Blame for Man’s Suicide May Fall to Landlord

(CN) - A company that demolished a building around the family who refused to leave must face claims that its actions drove the husband to suicide, an Illinois appeals court ruled.

It had only been 20 days since Maria Turcios and Nelson Caceres signed a one-year lease for their Park City apartment when the couple received an eviction notice on May 10, 2011, from The DeBruler Co.

DeBruler allegedly pressured the couple and their children to move out, stating that the building would be demolished on June 10, 2011.

Juan Berrera, a case manager at Catholic Charities, noted that the couple was depressed, anxious and angry over the situation. They did not accept DeBruler's offer to move to a new unit for 30 days, rent free.

Turcios claimed in her lawsuit that DeBruler began to demolish the building around them on June 10, tearing into the outside walls and destroying the apartments around the family's unit.

Five days later, Nelson Caceres committed suicide.

"Please forgive me my daughters and you also Carmen," he wrote. "Sell the land and build a house."

As the rest of the family moved out, "an enormous rainstorm occurred and ruined most of Maria's family's belongings," according to the complaint. The widow, an immigrant from Honduras who is not fluent in English, meanwhile fell "into a deep depression."

She sued DeBruler for wrongful death, intentional infliction of emotional distress, wrongful eviction, breach of contract and survivorship.

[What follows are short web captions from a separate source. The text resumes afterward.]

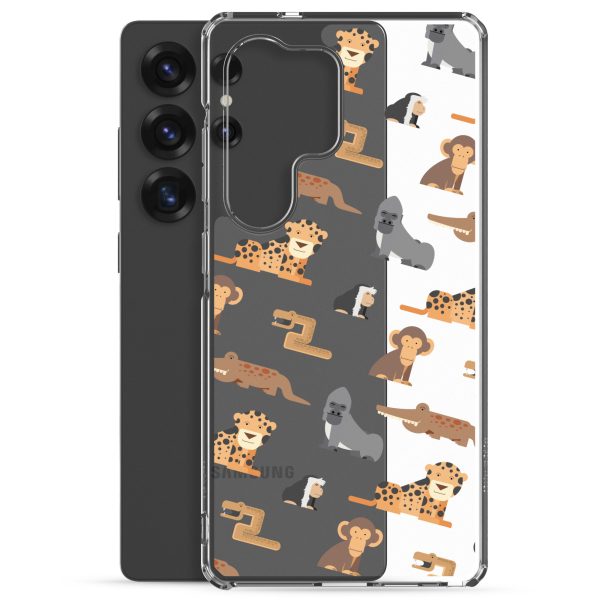 African Jungle Animals Samsung Clear Case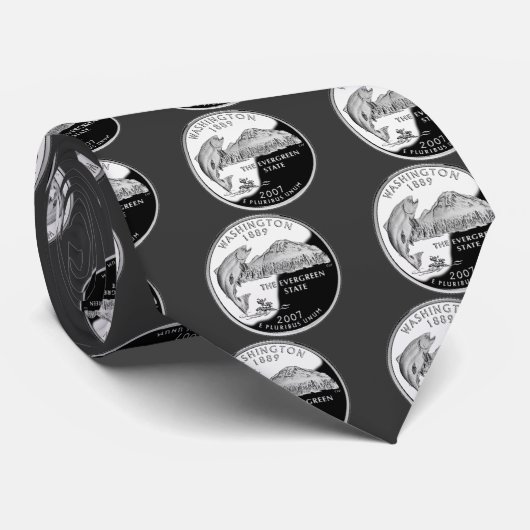 Faux Washington State Quarter Stropdas (Opgerold)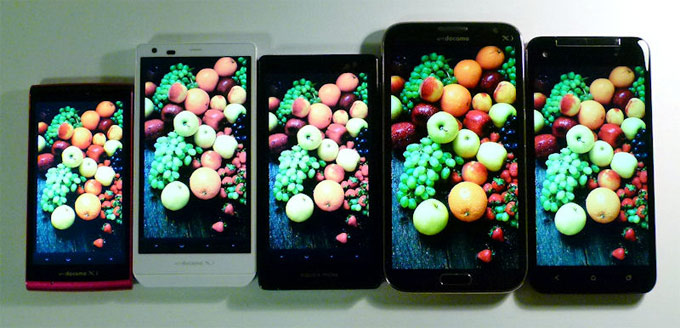 тестируем экран IGZO на примере Docomo SH-02E Aquos Phone Zeta тестируем экран IGZO на примере Docomo SH-02E Aquos Phone Zeta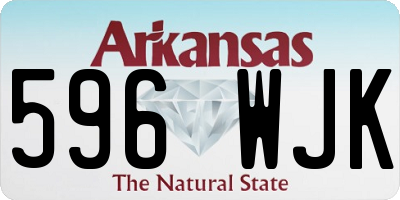 AR license plate 596WJK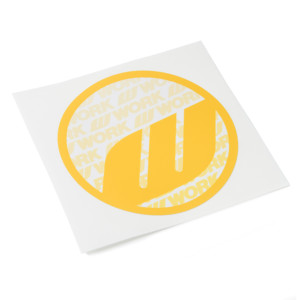 WORK Circle Sticker Yellow (W140010)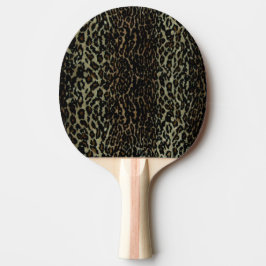Leopard-Druck-Klingeln Pong Paddel Tischtennis Schläger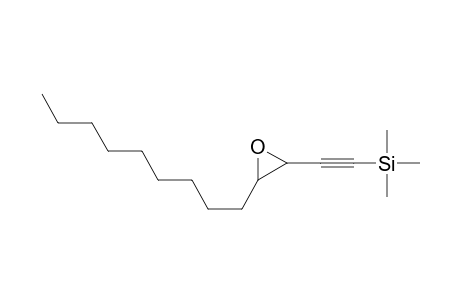 3-Nonyl-2-[(trimethylsilyl)ethynyl]oxirane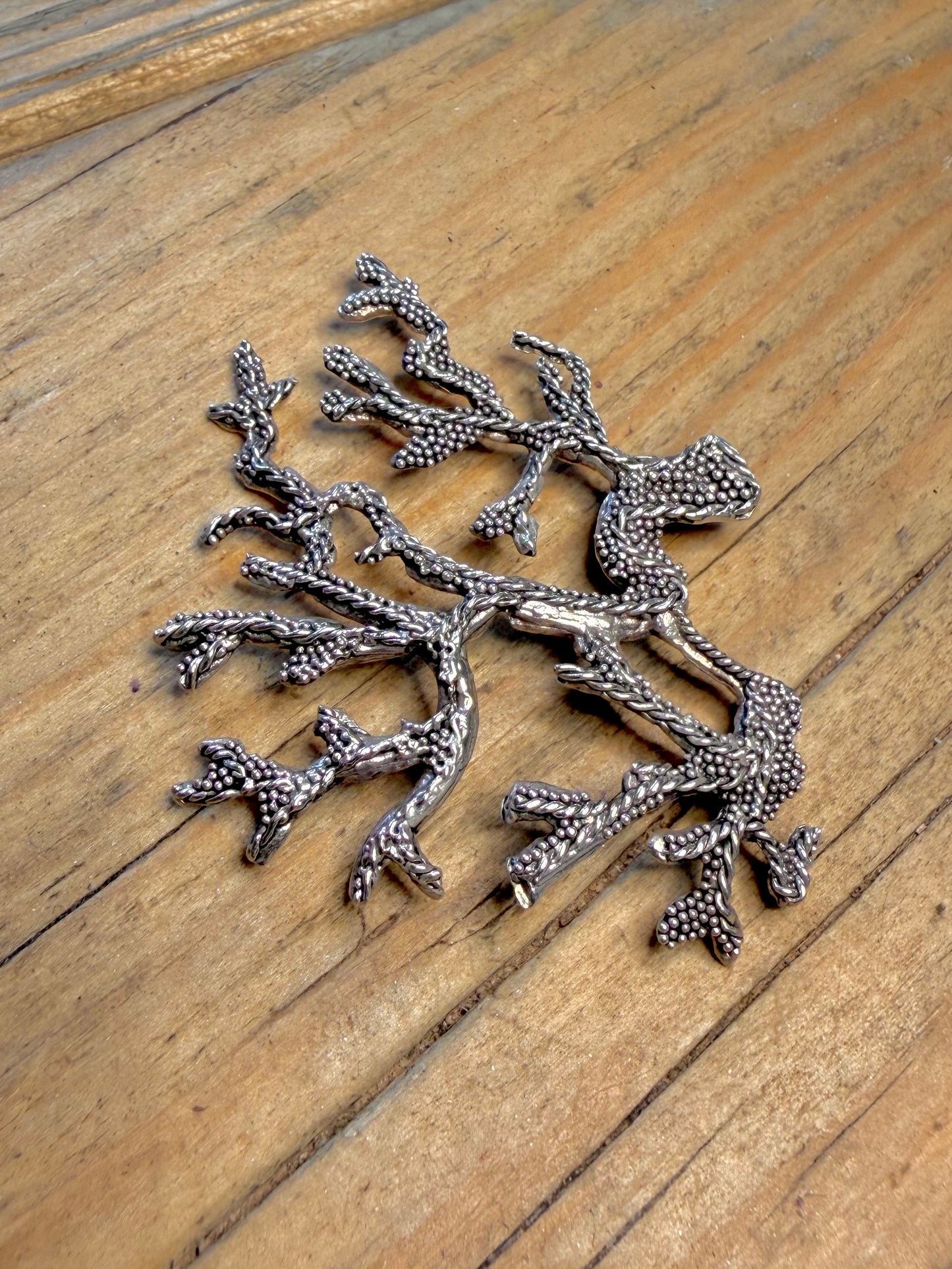Coral Branch Design 800 Silver Pendant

A Lake County judge ruled for DeBruler, however, stating that in Illinois "there is no cause of action for wrongful death via suicide."

The Illinois Appellate Court's Second District disagreed last week.

"We will not extend to intentional torts the bar on recovery based on a victim's suicide that exists in negligence cases," Judge Donald Hudson wrote for a three-member panel.

DeBruler cannot escape liability for intentional infliction of emotional distress that leads to suicide, the court found, remanding the case to the trial court.

"A plaintiff must still establish that a defendant engaged in extreme and outrageous conduct that is so extreme as to go beyond all possible bounds of decency and be regarded as intolerable in a civilized community," Hudson wrote.